__What the task asks__:
A faithful copy of the data is what is wanted, minus any pictures.

__Exercise data__:
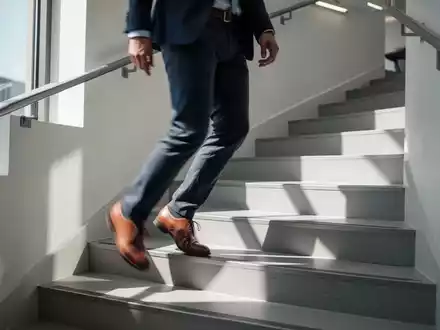 Eine Person geht in einem hellen Treppenhaus die Stufen hinauf, um sich sportlich zu betätigen. - Foto: über boerse-global.de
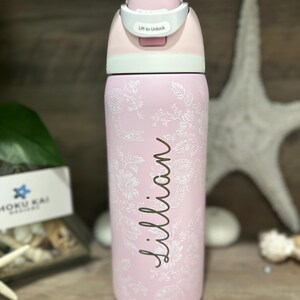 May include: A pink water bottle with a floral design and the name "Lillian" in cursive. The bottle has a white and pink lid with a "Lift to Unlock" label. The bottle is made of stainless steel.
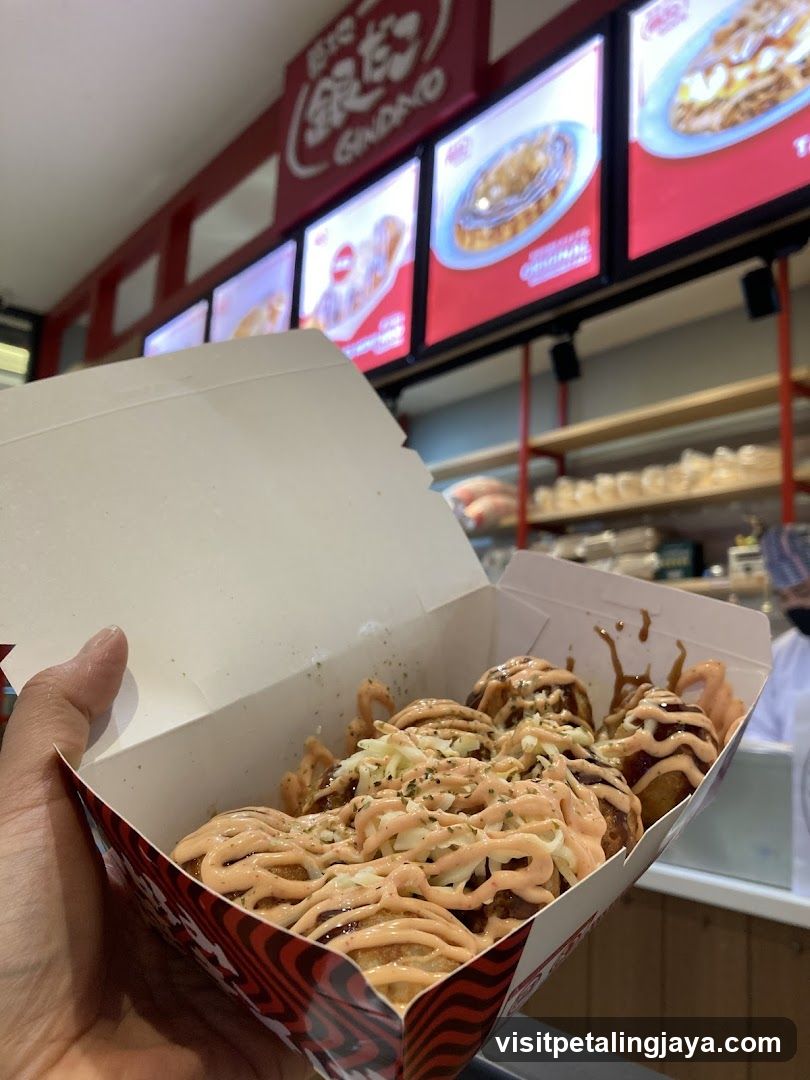Okonomiyaki with sauce and toppings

__Completed exercise__:
 Eine Person geht in einem hellen Treppenhaus die Stufen hinauf, um sich sportlich zu betätigen. - Foto: über boerse-global.de
 May include: A pink water bottle with a floral design and the name "Lillian" in cursive. The bottle has a white and pink lid with a "Lift to Unlock" label. The bottle is made of stainless steel.
Okonomiyaki with sauce and toppings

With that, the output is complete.